Grafton Group plc says it has delivered “a resilient set of results in challenging markets and measured against what was a strong comparative performance in the prior year.”
The results were “supported by relatively stronger trading in Ireland and the Netherlands compared to the UK and Finland” whilst the business was also said to have “benefitted from the timely implementation of cost reduction measures that enabled us to deliver full year adjusted operating profit consistent with the raised guidance in January 2024.”
Eric Born, Chief Executive Officer, commented: “Despite challenging market conditions, Grafton has succeeded in delivering full year adjusted operating profit above the top end of Analysts’ forecasts. This is testament to our resilient market leading positions, responsive management teams and portfolio of high-returning businesses.
“We generated excellent free cashflow of £205.6 million from operations and returned £228.3 million to shareholders during the year in the form of share buybacks and dividends, making a total of £437.2 million which we have returned to shareholders over the past two years.”
Eric continued: “Looking ahead, we expect to continue to benefit from the spread of the Group’s operations across four geographies and exposure to a broad range of end-markets. Our strong balance sheet and record of cash generation will stand us in good stead. We will allocate capital as required to ensure that the Group’s brands continue to support their customers and strengthen their market positions. In parallel, we will continue to evaluate opportunities in existing markets and new geographies, building on the progress we have made, with a view to progressing possible growth opportunities that can create enduring value for our shareholders.
“While trading conditions are expected to remain challenging, demand fundamentals are supported by a structural under supply of new homes and an aging housing stock that requires upgrading including energy conservation measures. With a somewhat improving economic backdrop, we are confident that Grafton is exceptionally well positioned to benefit as the cycle turns, markets normalise and consumer confidence improves.”

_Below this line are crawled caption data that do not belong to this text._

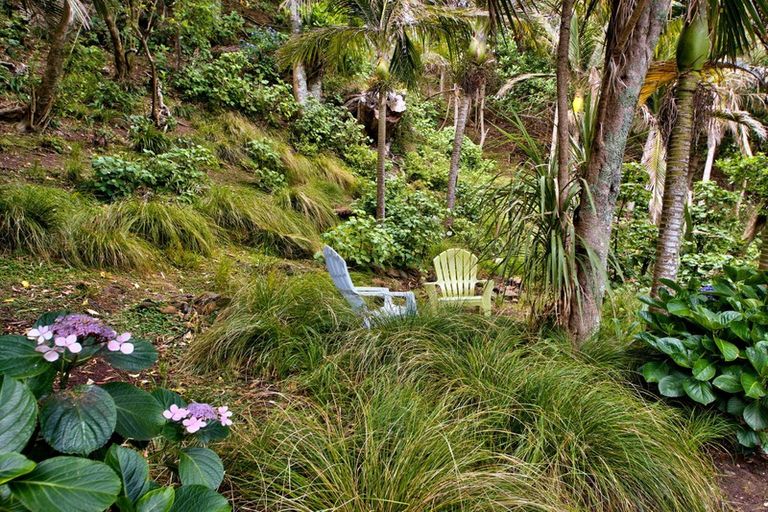 Photo of property in 54 Beach Valley Road, Piha, New Lynn, 0772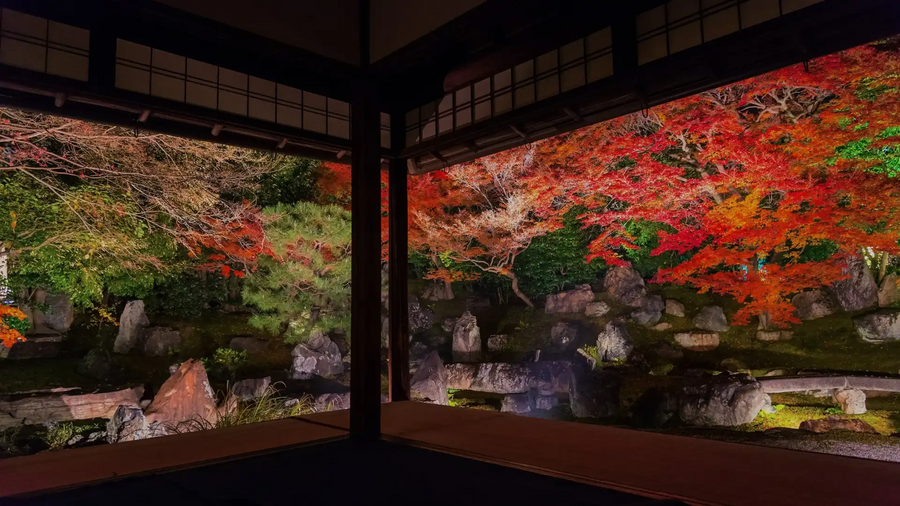 京都の秋のライトアップ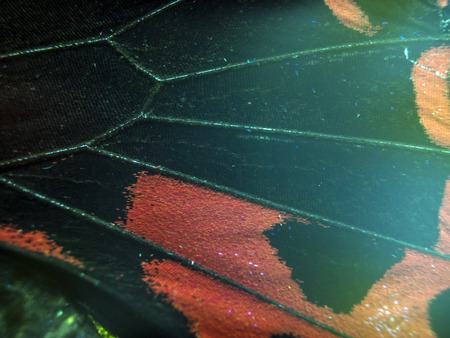 macro photo of a butterfly wingの写真素材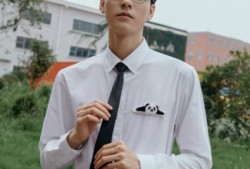 龚俊张先生最新爆料,揭秘娱乐圈不为人知的秘密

Operating review: UK Distribution (35.3% of overall Group Revenue, 2022: 36.5%)
2023 | 2022 | ||
£’m | £’m | Change* | |
Revenue | 818.1 | 838.6 | (2.4%) |
Adjusted operating profit before property profit | 47.3 | 81.8 | (42.3%) |
Adjusted operating profit margin before property profit | 5.8% | 9.8% | (400bps) |
Adjusted operating profit | 47.7 | 106.2 | (55.1%) |
Adjusted operating profit margin | 5.8% | 12.7% | (690bps) |
*Change represents the movement between 2023 v 2022 and is based on unrounded numbers
Focusing on the Group’s UK merchant operations (reported as its UK Distribution segment and incorporating Selco, Leyland SDM, MacBlair and TG Lynes), the report notes how “Cost-of-living pressures driven by high inflation and interest rate rises led to reduced spending by households on home improvements and weakened demand for new homes as affordability became stretched. Volumes in the distribution businesses were therefore lower in these weaker markets.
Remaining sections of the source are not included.